Ce qui n’empêche pas l’exposé des motifs du projet de loi d’affirmer que ces projections sont destinées à « inciter les secteurs à s’inscrire dans un objectif soutenable ».

Le financement du déficit en question

La réduction probable et sensible du budget d’équipement n’empêchera sans doute pas le déficit du budget de l’État d’atteindre de nouveau un niveau proche de 2000 milliards de dinars dès 2021.

Comment financer un tel déficit dès l’année prochaine et au cours des années suivantes ? Deux options sont en théorie disponibles. La première est recommandée par de nombreux économistes nationaux ainsi que par les institutions financières internationales. Elle augmentera mécaniquement le niveau de la fiscalité pétrolière mais aussi et surtout les « profits exceptionnels » réalisés par la Banque d’Algérie  à travers la vente de devises et qui sont reversés à l’État.

Cette première option a déjà été mise en œuvre en 2020 avec une dévaluation prévue de 10% du dinar par rapport au dollar selon les sources de TSA. L’économiste algérien Abderrahim Bessaha signalait voici quelques jours qu’à fin septembre, la dépréciation du dinar avait déjà atteint 8,5%. Elle devrait se poursuivre pour atteindre la cible retenue d’ici la fin de l’année.

Si on en juge par les informations livrées par différentes sources indépendantes, les ressources mises à la disposition du Trésor public par la Banque d’Algérie, mais non encore utilisées au début de l’année 2020, ont permis dans une large mesure de financer le déficit pour l’année en cours.

Le « siphonnage » d’une partie des ressources bancaires grâce à la réduction des réserves obligatoires des banques, qui pourraient être ramenée à zéro d’ici la fin de l’année, permettra également sans doute de terminer l’année 2020 sans recourir de nouveau à la planche à billets.

La version disponible du projet de loi de finances pour 2021 est une ébauche qui ne donne pour l’instant pas d’information sur le cadrage économique associé aux prévisions budgétaires. Il semble néanmoins très probable que, compte tenu des  contraintes financières croissantes que va rencontrer l’exécution de la loi de finances, une nouvelle dévaluation du dinar sans doute du même montant que celle de 2020 pourrait être retenue en 2021.
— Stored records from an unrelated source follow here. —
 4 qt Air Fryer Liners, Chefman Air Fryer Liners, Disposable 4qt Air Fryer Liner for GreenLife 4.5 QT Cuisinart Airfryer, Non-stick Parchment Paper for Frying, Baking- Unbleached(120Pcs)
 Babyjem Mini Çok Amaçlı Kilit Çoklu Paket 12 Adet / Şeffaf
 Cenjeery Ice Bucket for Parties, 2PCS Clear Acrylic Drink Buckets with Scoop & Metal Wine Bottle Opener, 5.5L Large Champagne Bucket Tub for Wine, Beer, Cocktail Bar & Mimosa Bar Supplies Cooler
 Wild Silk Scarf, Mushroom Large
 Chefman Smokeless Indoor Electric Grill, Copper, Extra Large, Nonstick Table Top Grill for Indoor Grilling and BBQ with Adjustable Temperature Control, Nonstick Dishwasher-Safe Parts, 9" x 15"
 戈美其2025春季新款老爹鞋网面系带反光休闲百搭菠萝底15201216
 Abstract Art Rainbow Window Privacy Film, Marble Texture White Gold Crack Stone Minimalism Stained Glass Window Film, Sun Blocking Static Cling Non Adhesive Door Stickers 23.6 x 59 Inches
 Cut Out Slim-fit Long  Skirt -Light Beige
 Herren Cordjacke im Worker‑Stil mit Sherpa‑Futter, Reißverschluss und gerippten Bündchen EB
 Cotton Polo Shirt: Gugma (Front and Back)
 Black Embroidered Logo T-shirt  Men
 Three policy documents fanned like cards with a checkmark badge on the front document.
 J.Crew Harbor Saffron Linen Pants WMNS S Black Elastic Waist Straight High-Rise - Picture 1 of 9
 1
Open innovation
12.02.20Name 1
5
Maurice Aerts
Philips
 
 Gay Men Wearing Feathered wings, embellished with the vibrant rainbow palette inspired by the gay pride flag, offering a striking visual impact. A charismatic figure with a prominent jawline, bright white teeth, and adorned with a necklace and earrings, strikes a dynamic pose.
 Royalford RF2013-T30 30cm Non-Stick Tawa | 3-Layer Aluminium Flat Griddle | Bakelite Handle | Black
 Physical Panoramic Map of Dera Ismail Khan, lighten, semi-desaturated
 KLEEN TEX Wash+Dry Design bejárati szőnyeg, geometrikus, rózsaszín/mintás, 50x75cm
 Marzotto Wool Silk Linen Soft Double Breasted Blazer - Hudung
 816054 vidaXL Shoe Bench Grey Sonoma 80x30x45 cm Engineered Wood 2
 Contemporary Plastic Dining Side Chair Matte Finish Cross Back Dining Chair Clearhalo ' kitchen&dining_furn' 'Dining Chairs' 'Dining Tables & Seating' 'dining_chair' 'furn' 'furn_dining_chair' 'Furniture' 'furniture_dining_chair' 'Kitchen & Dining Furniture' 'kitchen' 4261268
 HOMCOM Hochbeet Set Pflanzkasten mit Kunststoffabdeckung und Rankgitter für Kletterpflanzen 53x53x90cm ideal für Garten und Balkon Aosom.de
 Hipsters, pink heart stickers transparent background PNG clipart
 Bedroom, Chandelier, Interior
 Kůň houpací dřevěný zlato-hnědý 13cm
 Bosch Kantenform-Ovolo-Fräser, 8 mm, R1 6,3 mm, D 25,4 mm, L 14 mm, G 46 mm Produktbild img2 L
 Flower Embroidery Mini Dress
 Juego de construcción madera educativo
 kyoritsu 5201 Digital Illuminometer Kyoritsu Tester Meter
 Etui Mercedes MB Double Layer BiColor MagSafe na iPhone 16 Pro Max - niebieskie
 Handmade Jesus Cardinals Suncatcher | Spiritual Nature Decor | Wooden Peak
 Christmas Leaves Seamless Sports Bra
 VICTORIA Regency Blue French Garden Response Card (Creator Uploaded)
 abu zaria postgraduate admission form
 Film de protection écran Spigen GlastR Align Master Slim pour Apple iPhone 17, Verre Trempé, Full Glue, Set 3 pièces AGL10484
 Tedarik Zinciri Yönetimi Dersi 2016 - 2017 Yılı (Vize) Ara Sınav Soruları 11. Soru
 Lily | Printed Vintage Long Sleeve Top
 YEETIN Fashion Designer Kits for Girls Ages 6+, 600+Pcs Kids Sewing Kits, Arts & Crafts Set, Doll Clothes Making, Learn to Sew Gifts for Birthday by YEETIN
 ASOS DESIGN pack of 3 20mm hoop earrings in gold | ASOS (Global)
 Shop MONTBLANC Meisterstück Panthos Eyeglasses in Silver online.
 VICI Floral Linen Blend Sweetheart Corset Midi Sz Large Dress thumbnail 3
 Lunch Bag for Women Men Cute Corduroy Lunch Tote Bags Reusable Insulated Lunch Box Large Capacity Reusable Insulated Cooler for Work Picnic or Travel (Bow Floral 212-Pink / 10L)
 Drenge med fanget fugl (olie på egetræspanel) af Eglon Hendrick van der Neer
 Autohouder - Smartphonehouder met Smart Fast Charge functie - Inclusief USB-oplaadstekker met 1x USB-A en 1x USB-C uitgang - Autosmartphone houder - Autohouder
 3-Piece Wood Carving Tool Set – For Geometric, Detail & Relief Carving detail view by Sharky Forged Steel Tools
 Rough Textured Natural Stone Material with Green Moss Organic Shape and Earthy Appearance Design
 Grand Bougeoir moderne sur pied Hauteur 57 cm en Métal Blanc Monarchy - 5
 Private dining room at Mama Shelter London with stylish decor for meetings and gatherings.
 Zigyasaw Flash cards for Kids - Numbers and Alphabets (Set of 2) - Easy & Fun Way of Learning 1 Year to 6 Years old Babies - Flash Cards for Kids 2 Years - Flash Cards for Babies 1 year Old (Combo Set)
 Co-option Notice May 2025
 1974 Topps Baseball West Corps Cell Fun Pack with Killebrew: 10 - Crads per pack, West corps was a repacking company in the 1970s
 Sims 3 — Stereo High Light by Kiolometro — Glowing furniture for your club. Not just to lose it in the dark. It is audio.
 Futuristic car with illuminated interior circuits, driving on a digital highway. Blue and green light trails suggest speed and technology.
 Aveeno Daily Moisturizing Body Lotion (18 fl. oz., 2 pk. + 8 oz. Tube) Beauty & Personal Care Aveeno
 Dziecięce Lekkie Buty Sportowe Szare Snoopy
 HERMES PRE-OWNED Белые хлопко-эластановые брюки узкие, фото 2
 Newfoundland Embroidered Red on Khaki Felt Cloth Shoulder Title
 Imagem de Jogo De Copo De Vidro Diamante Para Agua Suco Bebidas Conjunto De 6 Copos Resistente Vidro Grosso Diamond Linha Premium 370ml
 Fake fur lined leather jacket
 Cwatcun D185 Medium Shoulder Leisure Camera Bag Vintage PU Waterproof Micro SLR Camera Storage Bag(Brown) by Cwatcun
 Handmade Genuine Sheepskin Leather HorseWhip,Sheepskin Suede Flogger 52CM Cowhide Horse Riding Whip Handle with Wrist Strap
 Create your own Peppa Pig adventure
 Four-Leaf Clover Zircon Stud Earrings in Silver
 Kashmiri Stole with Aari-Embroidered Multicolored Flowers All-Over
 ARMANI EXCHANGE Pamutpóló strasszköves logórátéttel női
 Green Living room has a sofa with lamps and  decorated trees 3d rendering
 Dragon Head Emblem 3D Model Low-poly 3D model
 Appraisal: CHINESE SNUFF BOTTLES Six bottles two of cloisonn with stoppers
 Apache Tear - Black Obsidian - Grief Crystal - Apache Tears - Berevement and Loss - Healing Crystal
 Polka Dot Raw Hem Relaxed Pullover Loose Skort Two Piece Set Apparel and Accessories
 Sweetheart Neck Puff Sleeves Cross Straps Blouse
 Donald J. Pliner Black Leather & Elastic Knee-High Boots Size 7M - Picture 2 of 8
Mais la dévaluation du dinar ne suffira pas et les solutions (reliquat de ressources et baisse des réserves obligatoires des banques) qui ont permis de passer l’année 2020, ne seront plus disponibles en 2021.

À moins de recourir de nouveau et massivement aux « facilités » de la planche à billets, la gestion des finances publiques nationales risque de s’avérer un exercice très compliqué dès les prochains mois.